English-to-Hindi Neural Machine Translation (Transformer)

A complete implementation of the Transformer architecture ("Attention Is All You Need") built from scratch in PyTorch for translating English text to Hindi. Trained on the IIT Bombay English-Hindi Corpus.

📌 Overview

This project implements a Sequence-to-Sequence Transformer model with Multi-Head Self-Attention and Cross-Attention mechanisms. It features a custom training loop, dynamic learning rate scheduling, and real-time validation metrics.

Key Features:

Architecture: 6-layer Encoder/Decoder, 512 embedding dimension, 8 attention heads.
Dataset: cfilt/iitb-english-hindi.
Tokenizer: Word-level tokenization trained specifically on the corpus.
Visualization: Integration with Altair for attention map visualization.

📊 Performance & Results

The model was trained for over 900,000 steps.

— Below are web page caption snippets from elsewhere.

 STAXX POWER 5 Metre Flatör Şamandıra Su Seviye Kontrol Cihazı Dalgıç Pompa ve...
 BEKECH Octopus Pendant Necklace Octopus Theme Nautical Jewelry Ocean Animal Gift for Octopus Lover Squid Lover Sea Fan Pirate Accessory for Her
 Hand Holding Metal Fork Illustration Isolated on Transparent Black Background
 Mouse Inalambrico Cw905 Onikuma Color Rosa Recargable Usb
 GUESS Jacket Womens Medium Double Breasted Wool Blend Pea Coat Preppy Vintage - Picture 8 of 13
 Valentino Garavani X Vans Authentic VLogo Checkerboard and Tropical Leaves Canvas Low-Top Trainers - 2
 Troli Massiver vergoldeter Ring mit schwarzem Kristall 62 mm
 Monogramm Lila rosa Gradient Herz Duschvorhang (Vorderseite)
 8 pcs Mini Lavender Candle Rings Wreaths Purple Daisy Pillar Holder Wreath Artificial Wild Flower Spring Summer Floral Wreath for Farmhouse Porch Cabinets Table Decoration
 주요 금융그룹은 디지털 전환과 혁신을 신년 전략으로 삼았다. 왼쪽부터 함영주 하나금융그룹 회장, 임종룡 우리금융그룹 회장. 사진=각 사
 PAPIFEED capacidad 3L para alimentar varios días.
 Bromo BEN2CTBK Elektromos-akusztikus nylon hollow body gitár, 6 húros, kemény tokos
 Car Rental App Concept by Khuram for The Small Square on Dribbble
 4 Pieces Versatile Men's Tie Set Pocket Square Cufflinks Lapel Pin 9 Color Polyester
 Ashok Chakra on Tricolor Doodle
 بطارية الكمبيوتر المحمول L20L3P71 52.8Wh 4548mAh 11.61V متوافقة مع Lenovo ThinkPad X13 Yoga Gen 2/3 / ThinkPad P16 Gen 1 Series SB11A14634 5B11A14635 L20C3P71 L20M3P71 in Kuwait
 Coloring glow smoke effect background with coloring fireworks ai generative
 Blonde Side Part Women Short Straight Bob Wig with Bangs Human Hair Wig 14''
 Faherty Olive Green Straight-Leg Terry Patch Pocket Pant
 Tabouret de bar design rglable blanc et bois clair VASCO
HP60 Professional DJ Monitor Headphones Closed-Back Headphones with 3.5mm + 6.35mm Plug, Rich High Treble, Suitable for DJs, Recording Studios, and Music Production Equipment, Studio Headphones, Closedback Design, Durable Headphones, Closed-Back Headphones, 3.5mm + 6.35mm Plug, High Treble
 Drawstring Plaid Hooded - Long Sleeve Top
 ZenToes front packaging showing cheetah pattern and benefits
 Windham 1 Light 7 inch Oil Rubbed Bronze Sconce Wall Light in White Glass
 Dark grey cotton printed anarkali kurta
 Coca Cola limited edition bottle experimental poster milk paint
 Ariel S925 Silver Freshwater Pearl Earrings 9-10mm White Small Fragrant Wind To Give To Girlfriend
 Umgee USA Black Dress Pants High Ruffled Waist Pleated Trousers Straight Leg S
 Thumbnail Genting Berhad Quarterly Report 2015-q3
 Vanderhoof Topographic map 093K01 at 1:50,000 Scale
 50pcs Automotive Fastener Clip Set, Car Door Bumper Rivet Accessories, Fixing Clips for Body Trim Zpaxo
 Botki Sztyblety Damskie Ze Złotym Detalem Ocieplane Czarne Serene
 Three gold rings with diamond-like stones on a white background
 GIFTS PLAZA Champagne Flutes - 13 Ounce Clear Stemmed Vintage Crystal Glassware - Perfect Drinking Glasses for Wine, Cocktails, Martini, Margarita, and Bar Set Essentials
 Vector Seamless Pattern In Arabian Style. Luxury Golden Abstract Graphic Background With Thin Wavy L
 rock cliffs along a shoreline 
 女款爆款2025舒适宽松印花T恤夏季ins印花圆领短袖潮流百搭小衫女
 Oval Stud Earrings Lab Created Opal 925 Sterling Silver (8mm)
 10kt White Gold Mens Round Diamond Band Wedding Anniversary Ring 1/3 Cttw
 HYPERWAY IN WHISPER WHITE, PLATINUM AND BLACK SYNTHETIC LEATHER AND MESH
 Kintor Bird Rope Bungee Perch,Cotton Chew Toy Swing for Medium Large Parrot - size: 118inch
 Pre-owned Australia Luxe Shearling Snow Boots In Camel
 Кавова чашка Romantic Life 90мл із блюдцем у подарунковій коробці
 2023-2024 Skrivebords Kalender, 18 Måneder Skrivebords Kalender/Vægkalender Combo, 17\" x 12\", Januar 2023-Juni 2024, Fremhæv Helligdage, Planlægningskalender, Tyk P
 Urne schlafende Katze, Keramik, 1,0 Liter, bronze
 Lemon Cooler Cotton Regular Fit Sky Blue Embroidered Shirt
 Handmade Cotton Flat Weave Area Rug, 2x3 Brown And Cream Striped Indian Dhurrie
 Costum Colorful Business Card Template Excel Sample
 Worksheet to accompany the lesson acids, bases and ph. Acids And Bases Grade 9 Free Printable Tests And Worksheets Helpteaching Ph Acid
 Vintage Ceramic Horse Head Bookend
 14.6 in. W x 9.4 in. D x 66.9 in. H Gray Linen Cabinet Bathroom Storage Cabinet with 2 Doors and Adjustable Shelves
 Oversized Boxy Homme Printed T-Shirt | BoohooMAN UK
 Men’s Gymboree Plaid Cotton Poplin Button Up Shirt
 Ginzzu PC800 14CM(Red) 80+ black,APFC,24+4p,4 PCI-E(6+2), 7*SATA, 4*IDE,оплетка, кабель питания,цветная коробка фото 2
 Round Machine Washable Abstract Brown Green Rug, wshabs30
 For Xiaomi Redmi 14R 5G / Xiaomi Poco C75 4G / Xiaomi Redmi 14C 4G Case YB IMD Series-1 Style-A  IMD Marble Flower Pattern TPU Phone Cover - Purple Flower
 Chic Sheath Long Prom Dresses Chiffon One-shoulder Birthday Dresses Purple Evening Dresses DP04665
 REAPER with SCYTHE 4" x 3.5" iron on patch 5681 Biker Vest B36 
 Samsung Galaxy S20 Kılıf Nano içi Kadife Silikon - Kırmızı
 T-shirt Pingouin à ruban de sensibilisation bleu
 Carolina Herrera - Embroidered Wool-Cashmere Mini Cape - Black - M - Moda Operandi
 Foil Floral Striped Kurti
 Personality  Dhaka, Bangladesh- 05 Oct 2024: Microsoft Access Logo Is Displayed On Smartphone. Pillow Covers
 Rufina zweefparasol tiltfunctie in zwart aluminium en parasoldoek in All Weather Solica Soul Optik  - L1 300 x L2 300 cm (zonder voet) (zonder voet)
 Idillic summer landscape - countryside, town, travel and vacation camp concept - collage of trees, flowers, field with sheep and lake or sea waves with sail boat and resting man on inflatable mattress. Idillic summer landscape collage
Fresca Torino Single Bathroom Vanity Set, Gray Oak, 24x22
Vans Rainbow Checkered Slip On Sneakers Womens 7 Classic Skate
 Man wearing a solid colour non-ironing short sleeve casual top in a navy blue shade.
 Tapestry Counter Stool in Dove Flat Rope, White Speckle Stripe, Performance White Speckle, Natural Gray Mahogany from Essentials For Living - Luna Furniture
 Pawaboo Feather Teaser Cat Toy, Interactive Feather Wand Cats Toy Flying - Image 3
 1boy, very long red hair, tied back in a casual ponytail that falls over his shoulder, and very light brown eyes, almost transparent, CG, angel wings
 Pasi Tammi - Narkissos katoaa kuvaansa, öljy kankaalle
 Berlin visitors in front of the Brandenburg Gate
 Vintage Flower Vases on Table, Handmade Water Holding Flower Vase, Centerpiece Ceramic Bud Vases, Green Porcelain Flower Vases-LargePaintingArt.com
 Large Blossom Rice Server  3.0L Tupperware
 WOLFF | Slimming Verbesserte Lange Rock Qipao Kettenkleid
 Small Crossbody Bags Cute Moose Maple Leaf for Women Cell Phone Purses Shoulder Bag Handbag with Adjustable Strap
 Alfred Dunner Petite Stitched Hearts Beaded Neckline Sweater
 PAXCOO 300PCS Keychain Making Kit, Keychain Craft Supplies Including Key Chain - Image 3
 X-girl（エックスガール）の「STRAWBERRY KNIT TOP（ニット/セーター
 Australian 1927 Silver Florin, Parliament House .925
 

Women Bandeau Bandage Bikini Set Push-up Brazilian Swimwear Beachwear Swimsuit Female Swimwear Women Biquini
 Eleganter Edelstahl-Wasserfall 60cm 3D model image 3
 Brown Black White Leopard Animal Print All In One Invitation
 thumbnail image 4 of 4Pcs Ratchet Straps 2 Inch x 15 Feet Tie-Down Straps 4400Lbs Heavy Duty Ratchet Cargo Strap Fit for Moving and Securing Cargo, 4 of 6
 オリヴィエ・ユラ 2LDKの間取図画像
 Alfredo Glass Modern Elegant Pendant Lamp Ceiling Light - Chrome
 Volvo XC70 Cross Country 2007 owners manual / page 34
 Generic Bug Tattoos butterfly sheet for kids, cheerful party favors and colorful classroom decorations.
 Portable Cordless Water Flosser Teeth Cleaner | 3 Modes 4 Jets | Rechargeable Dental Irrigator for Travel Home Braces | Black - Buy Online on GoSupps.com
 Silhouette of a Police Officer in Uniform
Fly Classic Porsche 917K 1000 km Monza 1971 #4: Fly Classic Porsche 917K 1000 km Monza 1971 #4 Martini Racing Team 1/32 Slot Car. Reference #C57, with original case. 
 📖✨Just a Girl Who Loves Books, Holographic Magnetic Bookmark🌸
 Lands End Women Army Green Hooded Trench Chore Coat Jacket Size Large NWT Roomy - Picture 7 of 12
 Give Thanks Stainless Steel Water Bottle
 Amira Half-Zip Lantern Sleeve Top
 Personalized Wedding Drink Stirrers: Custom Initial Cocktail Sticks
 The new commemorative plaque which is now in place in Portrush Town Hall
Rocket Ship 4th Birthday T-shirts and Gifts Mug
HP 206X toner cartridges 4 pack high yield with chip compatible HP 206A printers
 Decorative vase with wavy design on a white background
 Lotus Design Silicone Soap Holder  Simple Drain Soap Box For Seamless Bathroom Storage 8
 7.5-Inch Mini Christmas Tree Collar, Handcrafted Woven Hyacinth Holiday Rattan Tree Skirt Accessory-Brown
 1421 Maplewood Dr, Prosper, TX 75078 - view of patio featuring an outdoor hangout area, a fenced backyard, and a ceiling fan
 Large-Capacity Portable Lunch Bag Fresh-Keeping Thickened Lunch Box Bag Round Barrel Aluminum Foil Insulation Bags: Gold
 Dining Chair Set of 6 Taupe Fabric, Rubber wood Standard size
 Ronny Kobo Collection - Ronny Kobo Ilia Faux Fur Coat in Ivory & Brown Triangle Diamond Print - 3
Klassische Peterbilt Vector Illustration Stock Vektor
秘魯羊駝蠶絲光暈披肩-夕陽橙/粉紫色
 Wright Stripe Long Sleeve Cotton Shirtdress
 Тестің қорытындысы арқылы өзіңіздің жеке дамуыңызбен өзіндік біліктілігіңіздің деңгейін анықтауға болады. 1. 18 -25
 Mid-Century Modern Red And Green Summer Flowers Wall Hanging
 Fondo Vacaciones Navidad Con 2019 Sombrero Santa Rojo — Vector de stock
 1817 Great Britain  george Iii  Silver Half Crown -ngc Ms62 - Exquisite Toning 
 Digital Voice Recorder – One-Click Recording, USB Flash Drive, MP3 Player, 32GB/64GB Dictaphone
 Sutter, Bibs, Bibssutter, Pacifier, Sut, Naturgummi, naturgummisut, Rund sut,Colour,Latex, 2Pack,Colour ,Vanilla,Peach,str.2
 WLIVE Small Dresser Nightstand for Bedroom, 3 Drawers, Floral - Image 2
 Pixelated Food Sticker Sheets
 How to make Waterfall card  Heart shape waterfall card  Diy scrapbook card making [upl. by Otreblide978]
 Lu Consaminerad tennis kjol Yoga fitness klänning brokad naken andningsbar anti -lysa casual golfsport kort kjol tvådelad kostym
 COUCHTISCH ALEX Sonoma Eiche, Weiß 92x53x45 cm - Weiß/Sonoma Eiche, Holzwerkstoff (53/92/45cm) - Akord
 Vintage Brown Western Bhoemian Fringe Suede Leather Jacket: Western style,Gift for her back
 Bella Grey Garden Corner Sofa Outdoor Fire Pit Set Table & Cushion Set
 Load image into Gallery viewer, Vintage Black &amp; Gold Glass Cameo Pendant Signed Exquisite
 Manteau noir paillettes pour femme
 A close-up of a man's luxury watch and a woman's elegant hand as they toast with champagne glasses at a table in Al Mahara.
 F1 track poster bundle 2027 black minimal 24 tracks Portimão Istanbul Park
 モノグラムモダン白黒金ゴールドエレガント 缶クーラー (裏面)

The best performance was observed at checkpoint Step 651,791.

Key Metrics

Metric	Score	Description
SacreBLEU	62.48	High correspondence with reference translations.
CHRF++	71.78	Strong character-level n-gram overlap.
CER	0.28	Low Character Error Rate (~28%).
Training Loss	2.95	Converged from initial ~10.24.

Training Progression

Loss Convergence: The model shows a consistent downward trend in loss, stabilizing effectively after step 600k.

Metric Evolution: Both SacreBLEU and CHRF++ show strong correlation with training steps, peaking around the selected checkpoint.

🧠 Qualitative Analysis

The model demonstrates robust handling of formal sentence structures and proper noun transliteration.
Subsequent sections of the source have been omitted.